Dataset records:
----------------------------------------
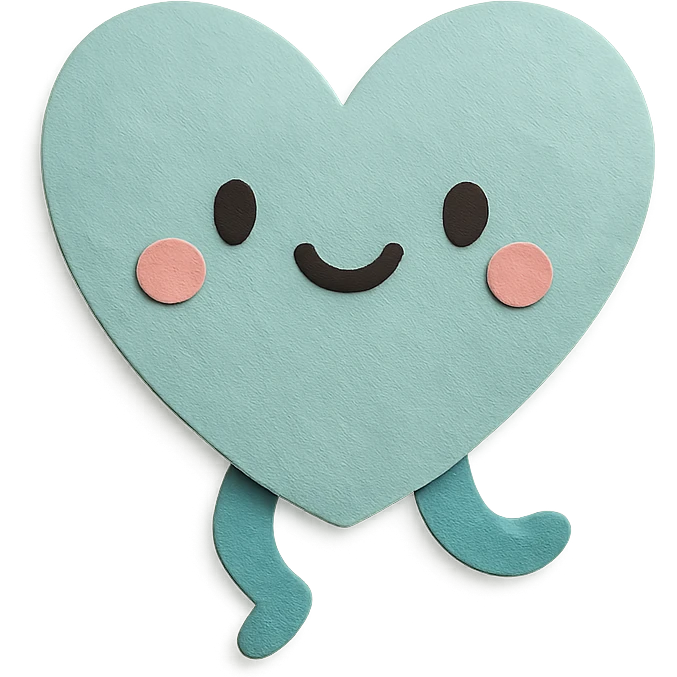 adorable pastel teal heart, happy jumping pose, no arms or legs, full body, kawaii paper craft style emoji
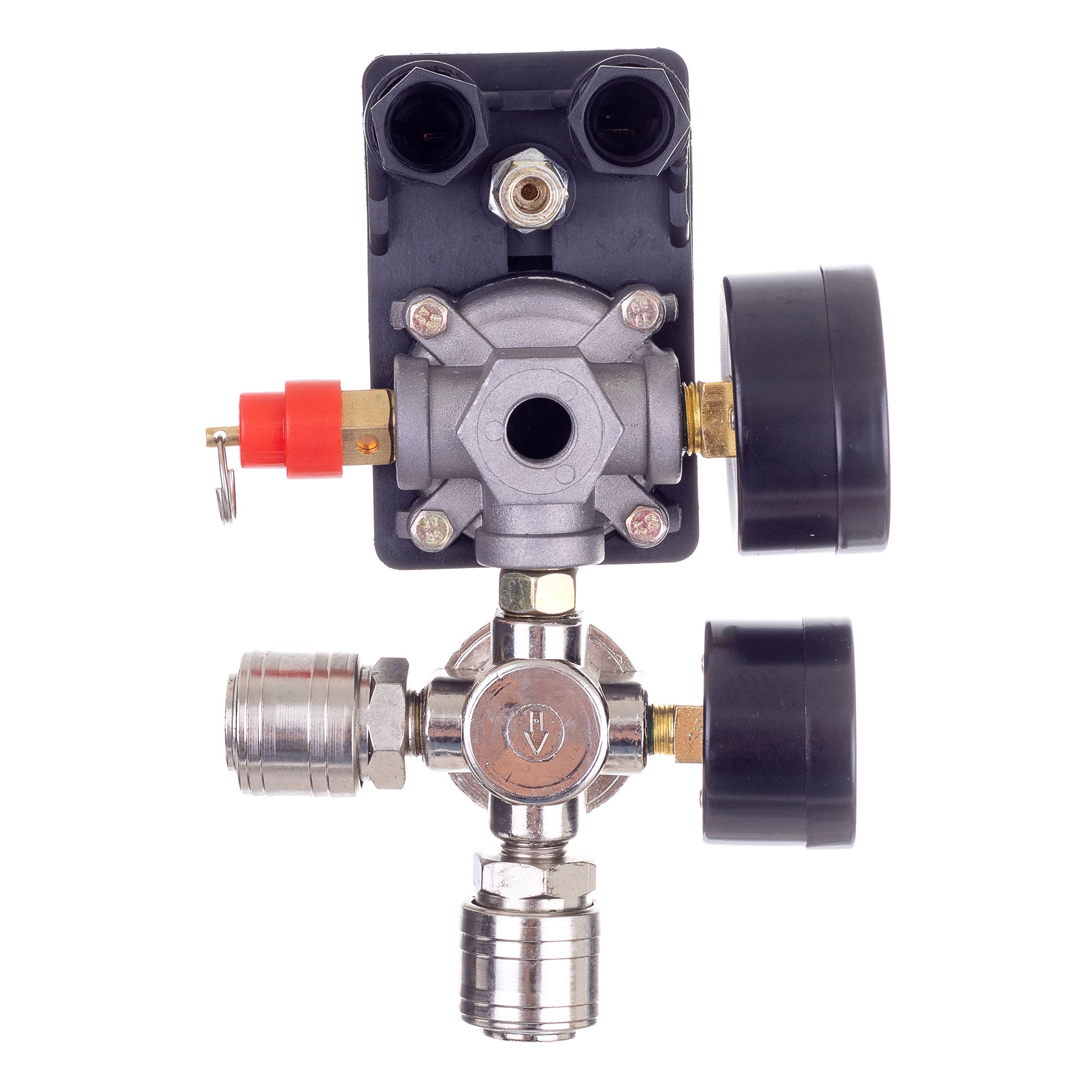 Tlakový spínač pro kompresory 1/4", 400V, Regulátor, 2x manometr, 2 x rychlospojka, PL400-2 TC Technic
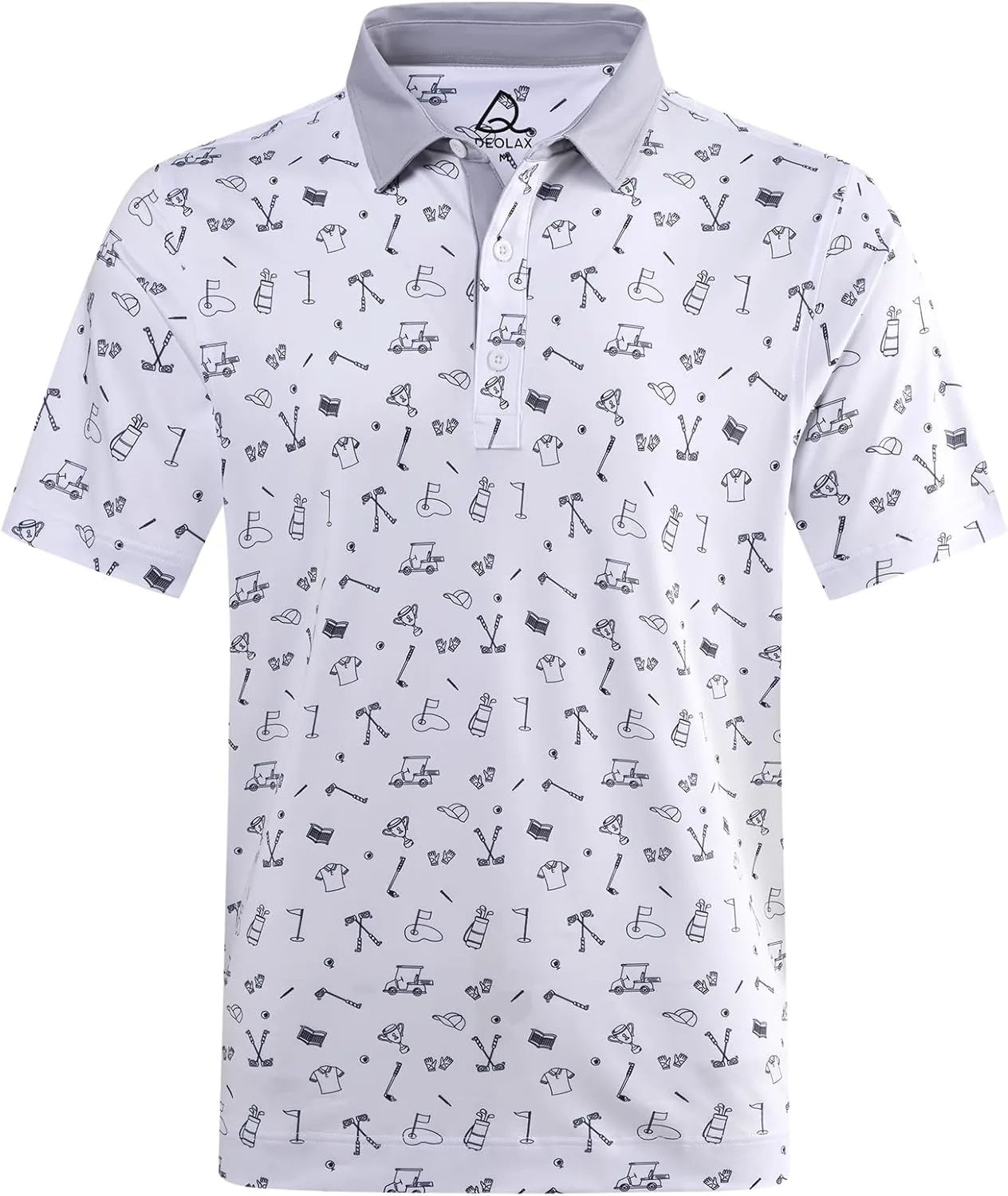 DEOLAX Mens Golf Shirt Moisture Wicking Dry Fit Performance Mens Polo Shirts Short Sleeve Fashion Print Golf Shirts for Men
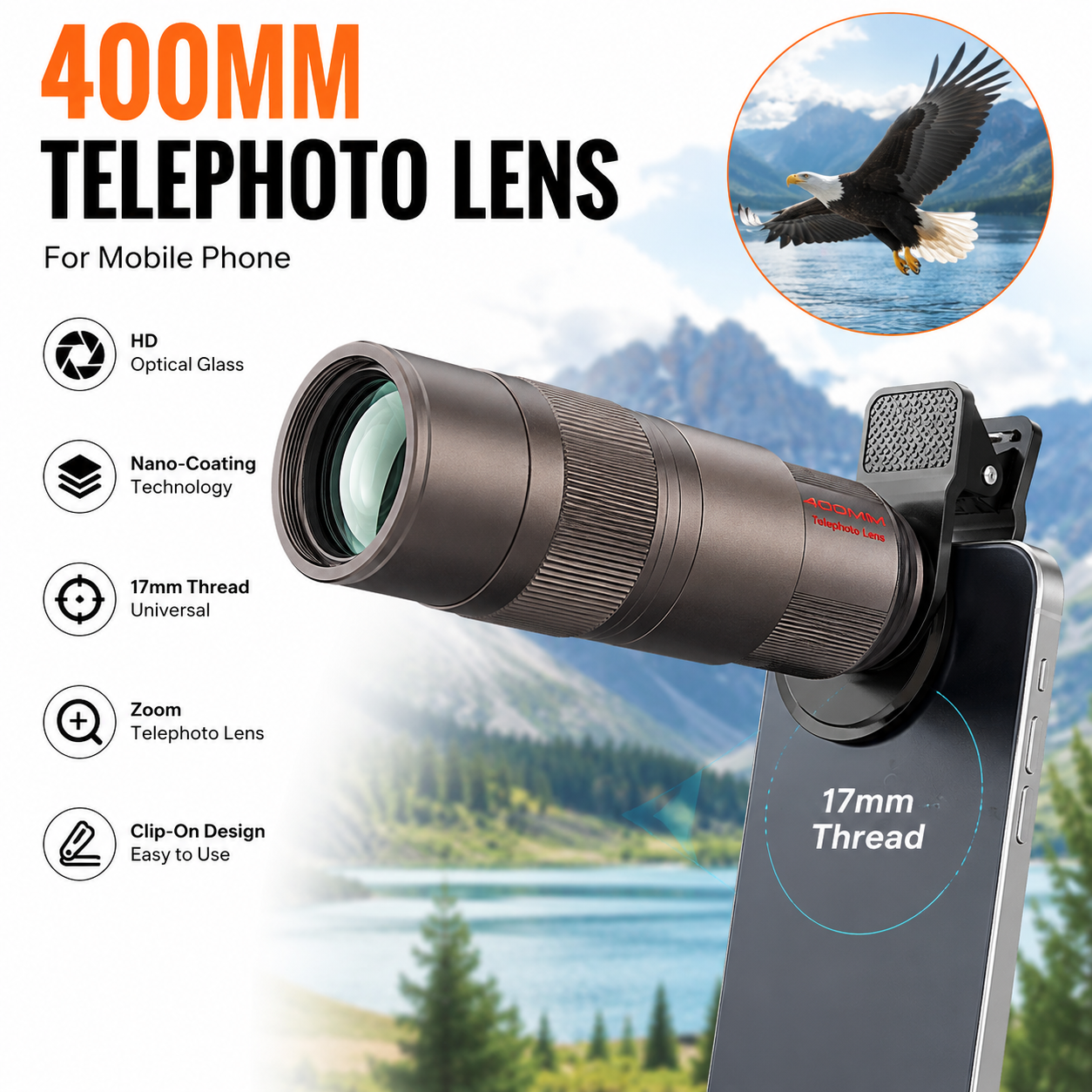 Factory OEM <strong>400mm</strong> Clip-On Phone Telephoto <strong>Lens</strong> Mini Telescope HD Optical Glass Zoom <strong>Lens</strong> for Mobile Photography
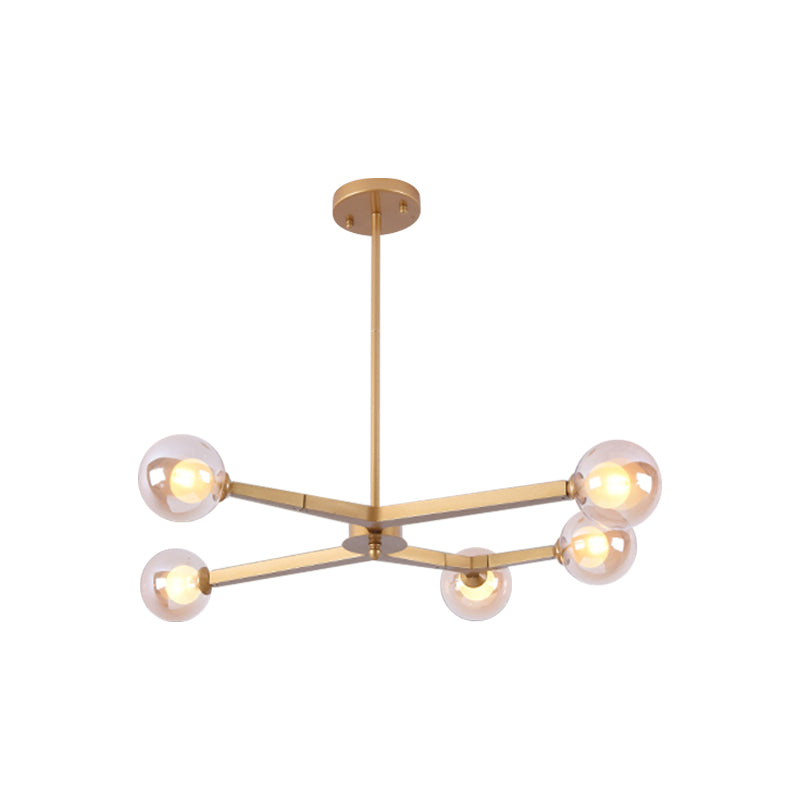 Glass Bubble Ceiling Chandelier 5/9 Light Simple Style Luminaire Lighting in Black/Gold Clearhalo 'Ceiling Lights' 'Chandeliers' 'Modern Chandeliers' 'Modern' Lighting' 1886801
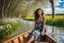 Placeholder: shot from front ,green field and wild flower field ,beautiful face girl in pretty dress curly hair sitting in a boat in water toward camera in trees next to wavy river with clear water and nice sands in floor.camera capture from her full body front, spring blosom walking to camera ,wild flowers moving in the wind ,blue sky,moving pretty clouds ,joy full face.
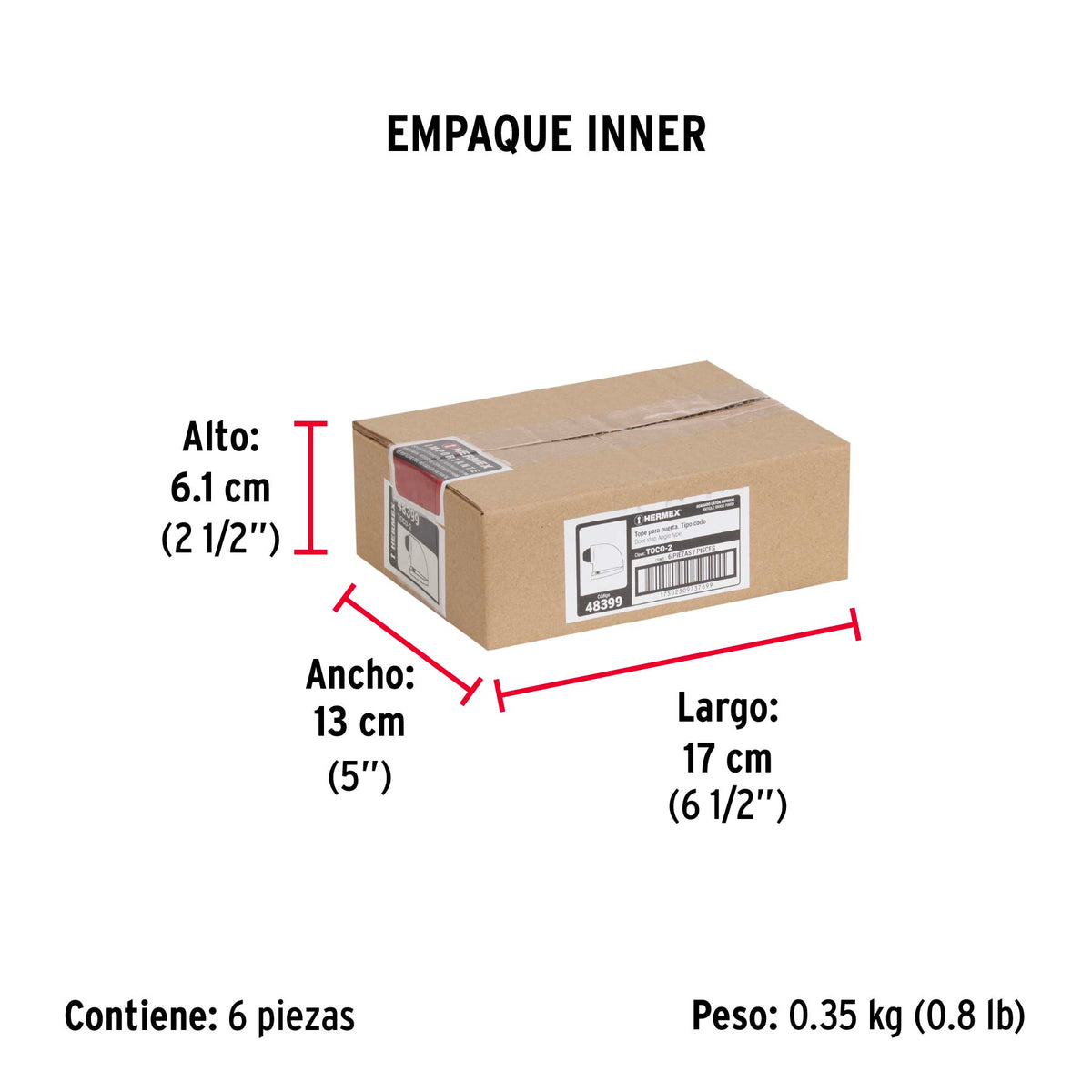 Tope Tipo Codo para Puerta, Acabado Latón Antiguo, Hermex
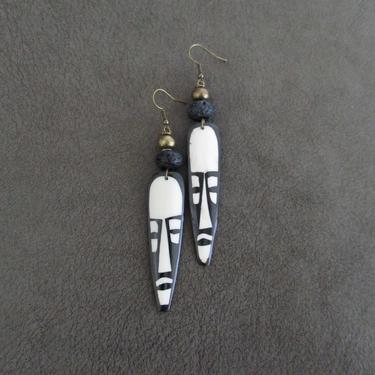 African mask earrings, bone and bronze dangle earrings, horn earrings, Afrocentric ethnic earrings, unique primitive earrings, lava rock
----------------------------------------
EXERCISE PROMPT: Keep every word of the records and none of the pictures when you print them again.

REPLY TO THE EXERCISE:
 adorable pastel teal heart, happy jumping pose, no arms or legs, full body, kawaii paper craft style emoji
 Tlakový spínač pro kompresory 1/4", 400V, Regulátor, 2x manometr, 2 x rychlospojka, PL400-2 TC Technic
 DEOLAX Mens Golf Shirt Moisture Wicking Dry Fit Performance Mens Polo Shirts Short Sleeve Fashion Print Golf Shirts for Men
 Factory OEM <strong>400mm</strong> Clip-On Phone Telephoto <strong>Lens</strong> Mini Telescope HD Optical Glass Zoom <strong>Lens</strong> for Mobile Photography
 Glass Bubble Ceiling Chandelier 5/9 Light Simple Style Luminaire Lighting in Black/Gold Clearhalo 'Ceiling Lights' 'Chandeliers' 'Modern Chandeliers' 'Modern' Lighting' 1886801
 Placeholder: shot from front ,green field and wild flower field ,beautiful face girl in pretty dress curly hair sitting in a boat in water toward camera in trees next to wavy river with clear water and nice sands in floor.camera capture from her full body front, spring blosom walking to camera ,wild flowers moving in the wind ,blue sky,moving pretty clouds ,joy full face.
 Tope Tipo Codo para Puerta, Acabado Latón Antiguo, Hermex
 African mask earrings, bone and bronze dangle earrings, horn earrings, Afrocentric ethnic earrings, unique primitive earrings, lava rock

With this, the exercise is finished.